If you get stuck, read through the other notebooks in this directory, ask us for help in class, or ask other students for help in class or on the weekly discussion board.

## Problem: comparing two conditions (6 points)

Given the recognition memory dataset (defined below) in `data`, test whether there is a difference in response between targets and lures. 

The code below carries out the first step of this analysis, by calculating the mean for each subject and trial type. Those means are stored in the `mean_trial_type` DataFrame below.

The sub-problems go through the remaining steps of visualizing the data in each condition, calculating summary statistics, and running a t-test to test for a significant effect of trial type. Finally, the last sub-problem involves writing text to describe the results of your analysis. See the sub-problems below for directions.

### Setup

In [1]:
import polars as pl
import seaborn as sns
import pingouin as pg
from IPython.display import display
data = pl.read_csv("gen_recog2.csv")
mean_trial_type = (
    data.group_by("subject", "trial_type")
    .agg(pl.col("response").mean())
    .sort("subject", "trial_type")
)
g1 = None
stats_trial_type = None
ttest_trial_type = None
mean_trial_type.head()

subject,trial_type,response
str,str,f64
"""subj01""","""lure""",0.35
"""subj01""","""target""",0.566667
"""subj02""","""lure""",0.333333
"""subj02""","""target""",0.566667
"""subj03""","""lure""",0.3


### Answer

#### Visualize means in each condition (2 points)

Use the `mean_trial_type` DataFrame to make a bar plot with error bars showing the mean response for targets and lures (1 point). Trial type (targets and lures) should be on the x-axis, and response should be on the y-axis. Assign the output from Seaborn to a variable called `g1`.

Write a caption in a Markdown cell under the plot (1 point). See the [Reporting](https://mortonne.github.io/datascipsych/assignments/assignment12/reporting.html) lecture for example captions.

In [2]:
# your code here

# this should print your variables
if g1 is not None:
    print(g1)

> Write a caption for your figure.
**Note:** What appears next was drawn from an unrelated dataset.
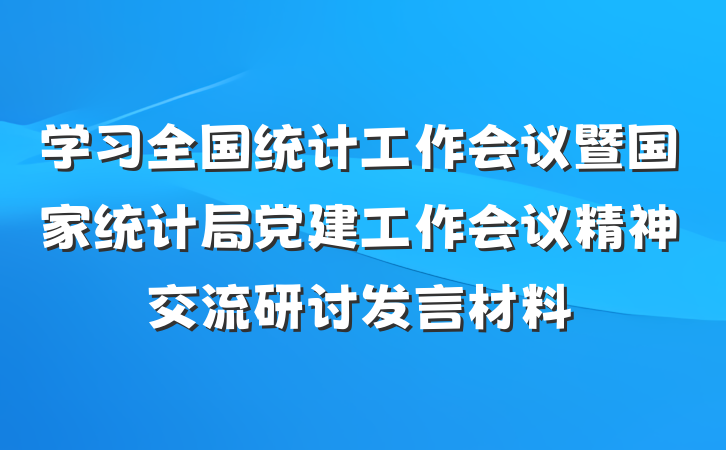 学习全国统计工作会议暨国家统计局党建工作会议精神交流研讨发言材料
Explain what variables are shown and what the error bars represent.

[answer here]

#### Calculate summary statistics (1 point)
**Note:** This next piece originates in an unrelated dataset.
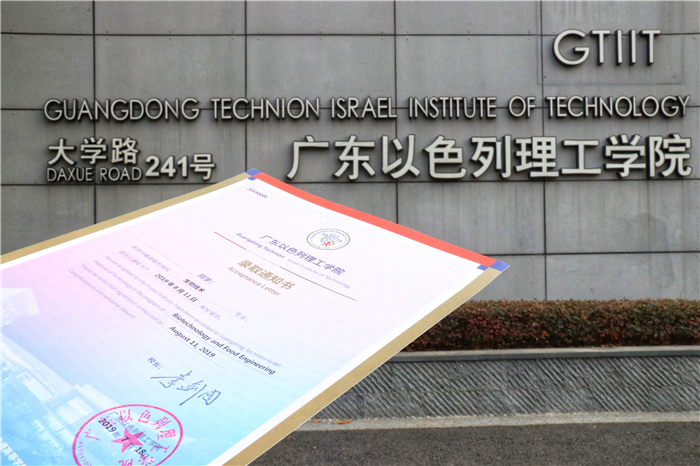 ¼ȡ֪ͨ��+GTIIT_���� - ����.jpg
Use the `mean_trial_type` DataFrame to calculate the mean and SEM for the responses in the target and lure conditions. In the DataFrame with the statistics, there should be two columns named `mean` and `sem`. Assign the output to a variable called `stats_trial_type`.

In [3]:
# your code here

# this should print your variables
if stats_trial_type is not None:
    display(stats_trial_type.sort("trial_type"))

#### Test for a significant difference (1 point)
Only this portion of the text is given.